■ Exercise input ■
++++++
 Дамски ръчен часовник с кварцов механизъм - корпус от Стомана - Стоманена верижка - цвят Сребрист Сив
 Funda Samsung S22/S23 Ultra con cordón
++++++
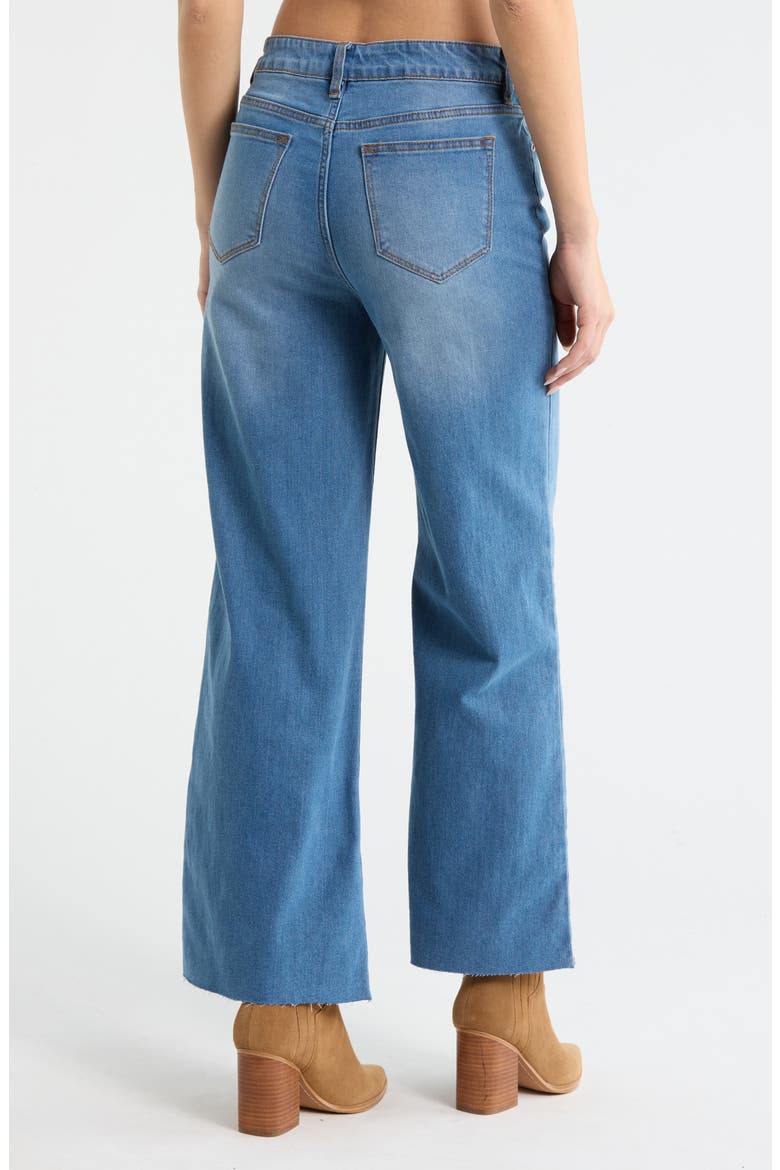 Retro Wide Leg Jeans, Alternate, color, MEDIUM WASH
++++++
■ Work request ■
Please reproduce the lines from the line with "Дамски ръчен часовник" to the line with "Funda Samsung S22/S23 Ultra con cordón", both ends included, exactly as they appear above.

■ Answer box ■
 Дамски ръчен часовник с кварцов механизъм - корпус от Стомана - Стоманена верижка - цвят Сребрист Сив
 Funda Samsung S22/S23 Ultra con cordón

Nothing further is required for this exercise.